▶ [EXERCISE AIM]: Leave out any picture and return the remaining listing below exactly as given.

▶ [DATASET SECTION]:

Start of Block

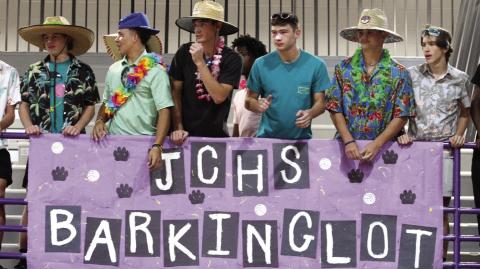 The Volleyball version of the JCHS Barking Lot cheers on the Lady Greyhounds from above during last Thursday’s match. BRAD HARRISON/Staff
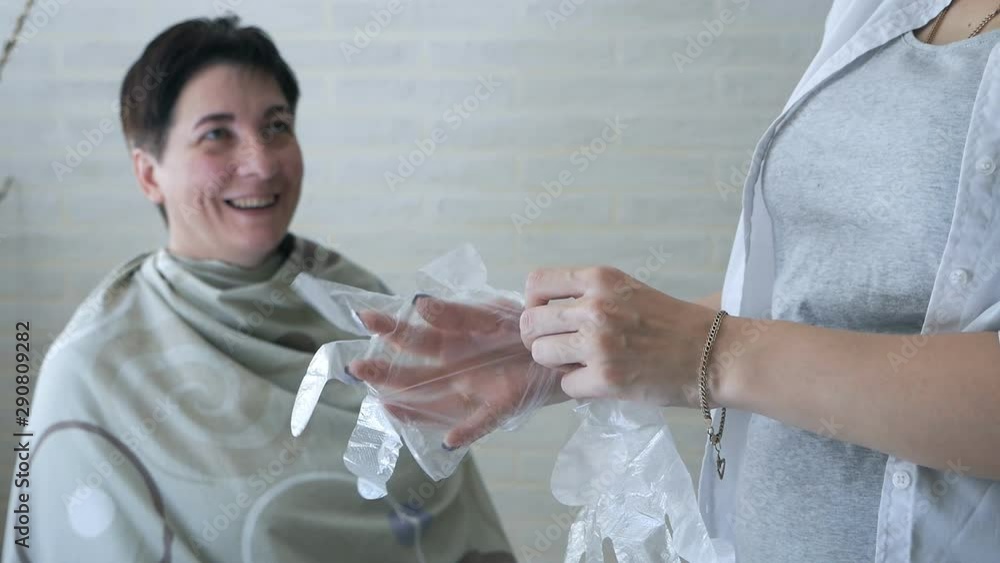 The girl puts on cellophane gloves. Hair dye The girl puts on cellophane gloves. Hair dye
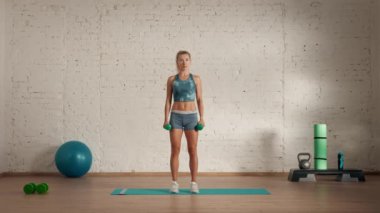 Evde kişisel spor eğitimleri. Spor giyimli bir kadın spor yapıyor. Sağlık ve sağlık reklamları konsepti. Atletik kadın jimnastik koçu yan teknik olarak kol sallaması yapıyor..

End of Block

▶ [RESULT FOR THIS TASK]:
 The Volleyball version of the JCHS Barking Lot cheers on the Lady Greyhounds from above during last Thursday’s match. BRAD HARRISON/Staff
 The girl puts on cellophane gloves. Hair dye The girl puts on cellophane gloves. Hair dye
 Evde kişisel spor eğitimleri. Spor giyimli bir kadın spor yapıyor. Sağlık ve sağlık reklamları konsepti. Atletik kadın jimnastik koçu yan teknik olarak kol sallaması yapıyor..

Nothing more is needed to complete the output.